Exercise objective -> Nothing left out, nothing added: return the full set of records.

Records shown ->
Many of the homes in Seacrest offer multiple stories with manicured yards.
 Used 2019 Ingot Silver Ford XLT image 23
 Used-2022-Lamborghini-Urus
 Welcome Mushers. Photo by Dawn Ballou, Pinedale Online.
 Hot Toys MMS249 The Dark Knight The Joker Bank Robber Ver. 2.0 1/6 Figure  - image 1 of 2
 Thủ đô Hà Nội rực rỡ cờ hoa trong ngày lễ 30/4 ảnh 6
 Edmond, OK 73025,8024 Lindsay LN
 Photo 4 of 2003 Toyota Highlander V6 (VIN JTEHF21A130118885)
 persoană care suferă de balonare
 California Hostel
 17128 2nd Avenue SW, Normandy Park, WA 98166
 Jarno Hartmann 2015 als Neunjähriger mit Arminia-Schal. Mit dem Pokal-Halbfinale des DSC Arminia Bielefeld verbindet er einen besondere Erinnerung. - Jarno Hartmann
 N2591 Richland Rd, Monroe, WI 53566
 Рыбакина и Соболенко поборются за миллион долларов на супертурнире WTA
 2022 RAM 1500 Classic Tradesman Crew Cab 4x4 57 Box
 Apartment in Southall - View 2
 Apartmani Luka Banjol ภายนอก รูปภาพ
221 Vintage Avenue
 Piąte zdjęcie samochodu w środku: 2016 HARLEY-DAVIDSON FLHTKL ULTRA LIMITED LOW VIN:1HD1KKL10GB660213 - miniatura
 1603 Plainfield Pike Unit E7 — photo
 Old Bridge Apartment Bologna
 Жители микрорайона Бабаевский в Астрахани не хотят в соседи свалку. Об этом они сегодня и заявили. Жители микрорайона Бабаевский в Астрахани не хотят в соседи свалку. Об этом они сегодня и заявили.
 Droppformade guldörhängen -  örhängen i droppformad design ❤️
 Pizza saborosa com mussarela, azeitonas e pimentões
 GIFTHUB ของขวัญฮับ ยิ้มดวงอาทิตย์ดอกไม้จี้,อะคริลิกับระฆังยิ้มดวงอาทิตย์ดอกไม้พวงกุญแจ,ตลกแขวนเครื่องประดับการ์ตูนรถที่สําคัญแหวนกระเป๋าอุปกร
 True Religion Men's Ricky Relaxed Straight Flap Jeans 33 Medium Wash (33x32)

Exercise solution ->
Many of the homes in Seacrest offer multiple stories with manicured yards.
 Used 2019 Ingot Silver Ford XLT image 23
 Used-2022-Lamborghini-Urus
 Welcome Mushers. Photo by Dawn Ballou, Pinedale Online.
 Hot Toys MMS249 The Dark Knight The Joker Bank Robber Ver. 2.0 1/6 Figure  - image 1 of 2
 Thủ đô Hà Nội rực rỡ cờ hoa trong ngày lễ 30/4 ảnh 6
 Edmond, OK 73025,8024 Lindsay LN
 Photo 4 of 2003 Toyota Highlander V6 (VIN JTEHF21A130118885)
 persoană care suferă de balonare
 California Hostel
 17128 2nd Avenue SW, Normandy Park, WA 98166
 Jarno Hartmann 2015 als Neunjähriger mit Arminia-Schal. Mit dem Pokal-Halbfinale des DSC Arminia Bielefeld verbindet er einen besondere Erinnerung. - Jarno Hartmann
 N2591 Richland Rd, Monroe, WI 53566
 Рыбакина и Соболенко поборются за миллион долларов на супертурнире WTA
 2022 RAM 1500 Classic Tradesman Crew Cab 4x4 57 Box
 Apartment in Southall - View 2
 Apartmani Luka Banjol ภายนอก รูปภาพ
221 Vintage Avenue
 Piąte zdjęcie samochodu w środku: 2016 HARLEY-DAVIDSON FLHTKL ULTRA LIMITED LOW VIN:1HD1KKL10GB660213 - miniatura
 1603 Plainfield Pike Unit E7 — photo
 Old Bridge Apartment Bologna
 Жители микрорайона Бабаевский в Астрахани не хотят в соседи свалку. Об этом они сегодня и заявили. Жители микрорайона Бабаевский в Астрахани не хотят в соседи свалку. Об этом они сегодня и заявили.
 Droppformade guldörhängen -  örhängen i droppformad design ❤️
 Pizza saborosa com mussarela, azeitonas e pimentões
 GIFTHUB ของขวัญฮับ ยิ้มดวงอาทิตย์ดอกไม้จี้,อะคริลิกับระฆังยิ้มดวงอาทิตย์ดอกไม้พวงกุญแจ,ตลกแขวนเครื่องประดับการ์ตูนรถที่สําคัญแหวนกระเป๋าอุปกร
 True Religion Men's Ricky Relaxed Straight Flap Jeans 33 Medium Wash (33x32)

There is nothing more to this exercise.